In my view there is a misunderstanding of the set assignments in your example and this will also lead to confusion regarding the counts. UpSetPlot will not just do "simple" intersections of individual sets, but will assign each of your input items (a-k) to exactly one bin. All unique bins will then be shown in the plot. If we look at your bins in the expectedSets:
The first four entries ('s1': {'a'}, 's4': {'i'}, 's2': {'e'}, 's3': {'k'}) are correct, but the following ones ('s1,s2': {'c', 'b'}, 's1,s4': {'c', 'd'}, 's2,s3': {'g', 'f'}, 's2,s4': {'c', 'h', 'g'}, 's3,s4': {'j', 'g'}). should instead be: 's1,s2': {'b'}, 's1,s4': {'d'}, 's2,s3': {'f'}, 's2,s4': {'h'}, 's3,s4': {'j'} . Items c and g already have their own three-set assignments below ('s1,s2,s4': {'c'}, 's2,s3,s4': {'g'}) , and each item is assigned to exactly one bin only.
Thus the counts you were expecting were not in line with what UpSetPlot showed in the plot.
In your example code from the second post you're now computing all the "simple" set intersections that will result in what you defined in your expectedSets. But as I just wrote this is not what UpSetPlot shows, since items c and g will be listed in multiple bins. Thus we have to find another solution.
I've looked into the code of the UpSet class in plotting.py and noticed that the underlying dataframe actually contains the bin assignment for each input item, i.e. exactly what I was looking for. I apologize for the following hack, but I needed something quick: I just modified the code of UpSet's plot function to not just return the plot object, but also the dataframe.
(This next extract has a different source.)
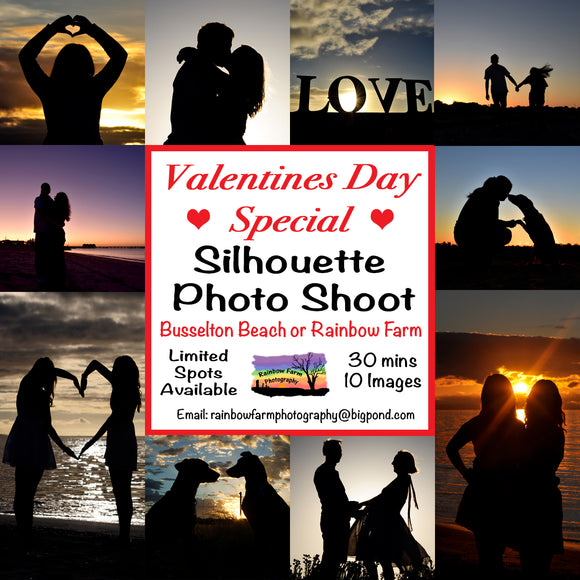 Valentines Day Silhouette Photo Session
Now I can check for each input item to which bin it has been assigned in the corresponding plot.
For your example, this is the content of the resulting dataframe (bin numbers correspond to left to right position in your plot):
id _bin
s2 s4 s3 s1
False True False True d 8
True False False True b 7
True False True c 10
False False False True a 3
True True False j 6
True True True False g 9
False True False False i 1
True True False False h 4
False True False f 5
False False e 0
False False True False k 2
Maybe this is useful for someone, I'm now even happier with the library.
Best
Hey - sorry I've been busy and not finding time to handle these questions, but I wonder if you'd find the upsetplot.query function helpful!
I wonder if the change in #198 would help even further?